Thanks to commerce and censorship, the Web of today has very little in common with the nascent Web of the 1990s—or, for that matter, of the early 2000s. Wi-Fi has left dial-up in the dust; the dark depths of YouTube, assuming they still exist, are buried under layers of Vevo; China’s cyber-censorship regime has earned the nickname “The Great Firewall.” Cyberspace has also become the latest battleground of the 21st century, with the US government alone reporting 77,183 attacks on its servers last year. After recalling that the Internet’s forebear, ARPANET, was a communications system funded by the Department of Defense and designed to withstand a nuclear attack, Malcomson observes, “It’s tempting to see a long-term pattern at work: technology born in war returns to war.”

But he resists that temptation, opting instead to see the Internet as a realm of realpolitik. Malcomson’s “Splinternet,” a cyber-realm disintegrating along geopolitical fault lines, isn’t a rupture of the World Wide Web, but rather a pointed reminder of the inescapability of this global condition. Perhaps the greatest example of this is the Edward Snowden documents, released over three years ago. For Malcomson, being able to peer behind the curtain of the National Security Agency’s massive surveillance apparatus wasn’t as interesting (“What are spy agencies for, if not to spy?”) as learning of the complicity of Silicon Valley’s largest corporations: “These were not quite global companies after all…. They were not extra-territorial. Cyberspace was an illusion.” Snowden revealed a burgeoning struggle for control over the Internet, in which the United States has the clear advantage. “Whatever the degree and nature of ‘public-private cooperation’ might be,” Malcomson writes, “the NSA has never left any doubt that it will do whatever it can to get the information it considers necessary to carry out its mission.”

Yet while an Internet free of government intervention still seems like a pipe dream, Malcomson reminds us that in the wake of Snowden’s revelations, major tech companies have pivoted into “vehement direct opposition” to the US government, as evinced by Apple’s recent battle with the FBI over an iPhone belonging to one of the shooters in the San Bernardino, California, terror attack. In response to the federal government’s calls for a back door into the iOS, Apple CEO Tim Cook wrote: “Ultimately, we fear that this demand would undermine the very freedoms and liberty our government is meant to protect.”

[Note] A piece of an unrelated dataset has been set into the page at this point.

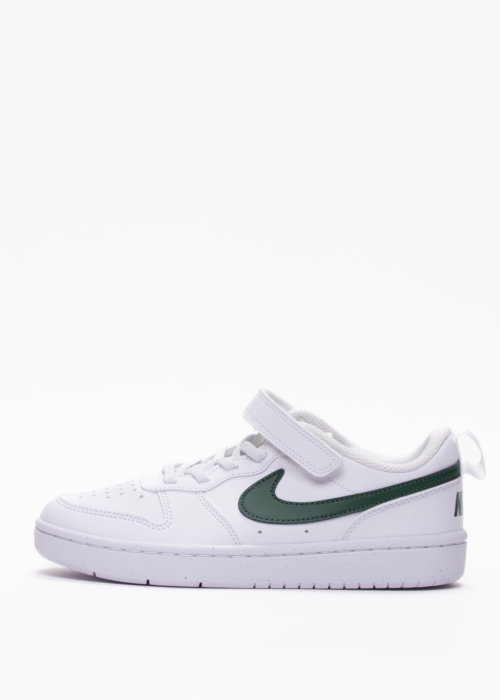Тенниски Court Borough Low Nike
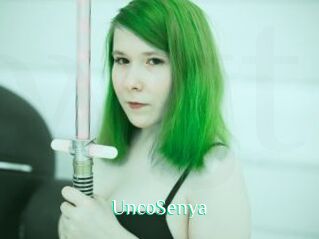 UncoSenya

Malcomson’s argument seconds the idea of “allies of convenience” promoted by some civil libertarians—namely, that corporate and state actors can be pitted against each other in order to preserve individual liberties on the Web—and he expands this argument to include geopolitics: “the public Internet…will be just one Internet among many. But because other Internets will be made safe, this global public Internet should be able to survive.”

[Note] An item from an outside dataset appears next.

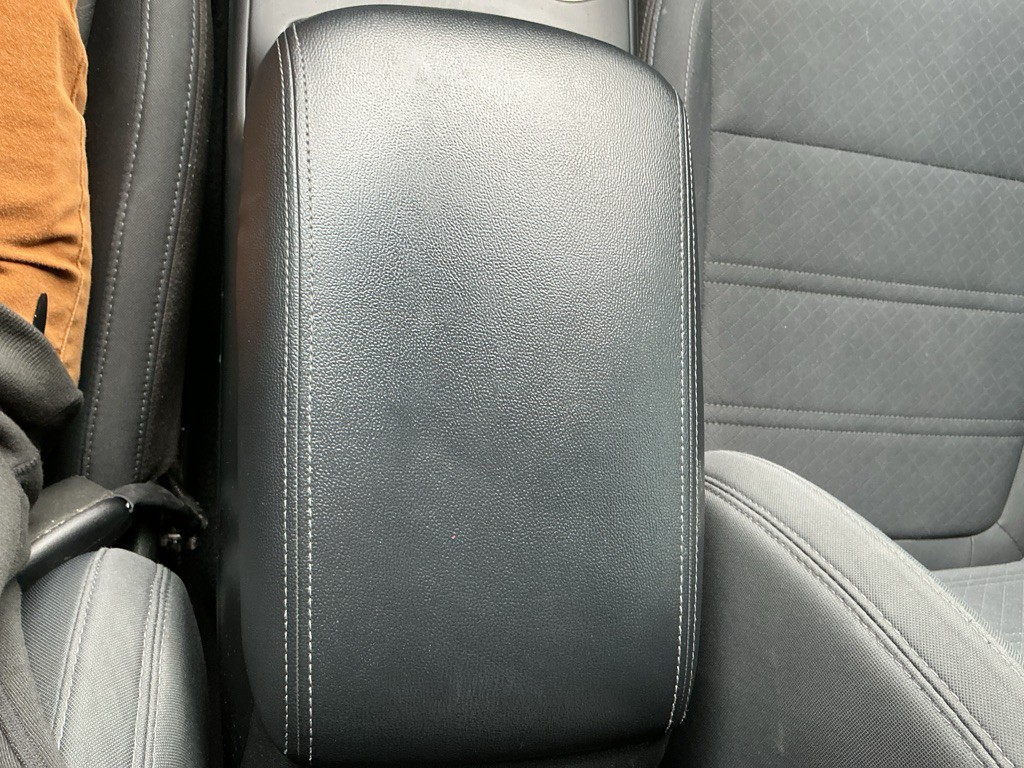 2020 Kia Sorento Image 30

The Economist, in its own review of Malcomson’s book, made the following comparison: “Air travel today may be less luxurious but it is vastly more affordable and democratic. So too, for all its flaws, is the internet.” Perhaps there’s a better analysis:  Just as air travel today is a commingling of class and geopolitics that determines how free one really is to travel through various parts of the world, so too is the Internet a complex system of geopolitical and economic interests, with America currently the dominant power in a new global struggle for control. Yet as Malcomson points out, “China, Russia, and to a lesser extent India and some European powers are striving to eliminate this American advantage.” Presumably, this will “become another field for regional competition.”

Will democracy survive this new power struggle? Civil liberties on the Web are by no means guaranteed when even the Democratic presidential nominee calls for a “Manhattan-like project” to break encryption. In the post-Snowden moment, there are still ways to fight back against the ever-encroaching control of state and corporate actors. And as Malcomson reminds us, while the Internet is “not a utopia…it is still a precious victory over the weary giants of flesh and steel, and profoundly worth defending.”